A JSL diz que "vem realizando diversas ações, visando contribuir para minimizar os efeitos causados pela pandemia do novo coronavírus em nosso país".
"Entre as várias frentes bancadas pelas empresas do Grupo, encontra-se a distribuição das milhões de cestas básicas do Governo de São Paulo para os mais diversos municípios do Estado."
"Improbidade administrativa", dizem promotores
A reportagem entrevistou três promotores de Justiça, uma desembargadora do TJ-SP (Tribunal de Justiça de São Paulo) e um advogado sobre o assunto. Eles afirmam que o caso pode configurar improbidade administrativa, se provada a intenção do governador de beneficiar o amigo, de acordo com o artigo 11 da lei número 8.429 de 1992.
"Se trata de peça publicitária do governo para a qual foram destinadas verbas públicas. Em tese, trata-se de peça a promover a imagem dos caminhoneiros, mas há um fato objetivo que chama a atenção: não só aparecem inúmeras imagens de uma única empresa, a qual passa a ser naturalmente vinculada aos benefícios públicos que a peça procura transmitir, como o próprio governador veste o capacete dessa empresa", diz o advogado constitucionalista André Portugal.
Portugal explica que a Constituição elenca princípios que devem ser seguidos pelo administrador público.
"Nenhum agente público pode tratar a coisa pública como se fosse coisa privada, e, mais do que isso, como se fosse sua. (...) O gestor público não pode por exemplo, escolher os contratados do governo entre empresários de seu círculo de amizades."
Os promotores ouvidos pediram para não ter a identidade revelada porque, como a infração pode ter sido cometida pelo governador, fica sob a responsabilidade do procurador-geral de Justiça, Mario Sarrubo, uma possível investigação.
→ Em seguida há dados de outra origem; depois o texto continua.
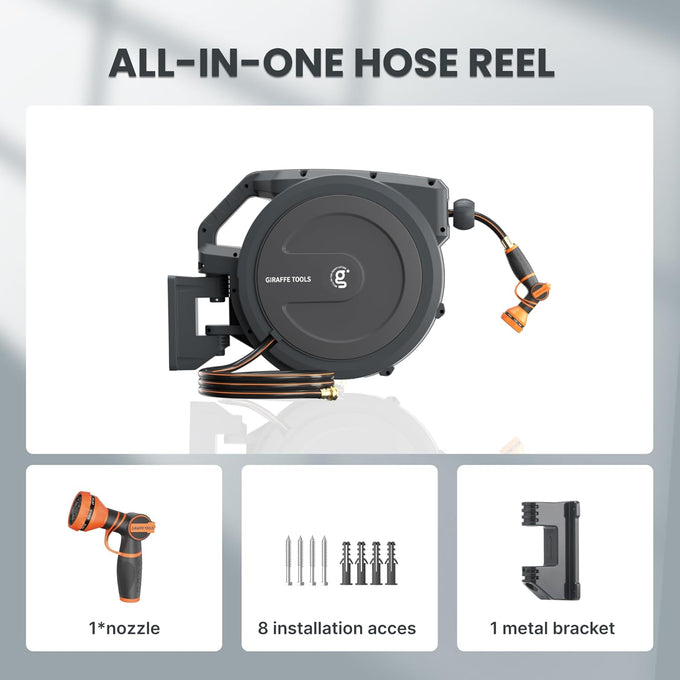 Giraffe Tools Retractable Garden Hose Reel 1/2"78FT Metal Bracket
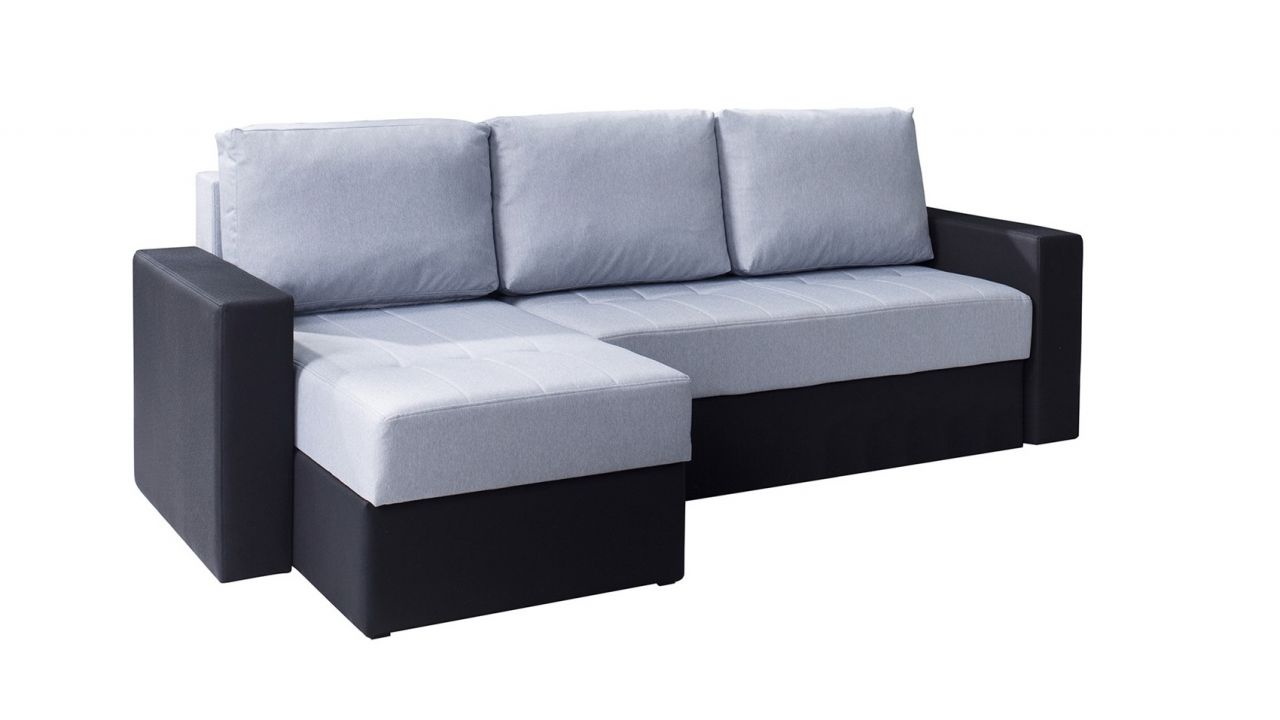 Ecksofa Schlafsofa LABRI Schwarz/ Hellgrau Ottomane Links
A reportagem contatou o procurador por mensagens de texto, telefone e por e-mail, mas não teve retorno
Um dos promotores diz que a ação constituiria improbidade administrativa porque o governo teria recebido vantagem econômica (doações da JSL, de valor não especificado, para o combate à covid-19) e há indícios de que o governador, um agente público, tenha beneficiado a empresa com exposição publicitária. A iniciativa ainda viola, segundo o promotor, princípios da imparcialidade e legalidade.
Por meio de nota, o MP disse que "não pode antecipar juízo de valor sobre fatos concretos e que as autoridades públicas, como é intrínseco ao Estado Democrático de Direito, estão sob o escrutínio dos órgãos de controle em geral".
Outros processos contra Doria
O governador responde por ao menos dois processos de improbidade administrativa. Um deles é relacionado ao uso do slogan "Cidade Linda", no qual ele chegou a ser condenado em primeira instância e teve seus direitos políticos cassados. O Ministério Público alega, nas propagandas veiculadas por Doria com o slogan, ele teria utilizado verba pública para benefício próprio.
Em outra ação, desta vez impetrada pelo Ministério Público Eleitoral, Doria responde "por uso da publicidade institucional da prefeitura de São Paulo, durante a gestão de Doria, para promover sua futura candidatura nas eleições 2018".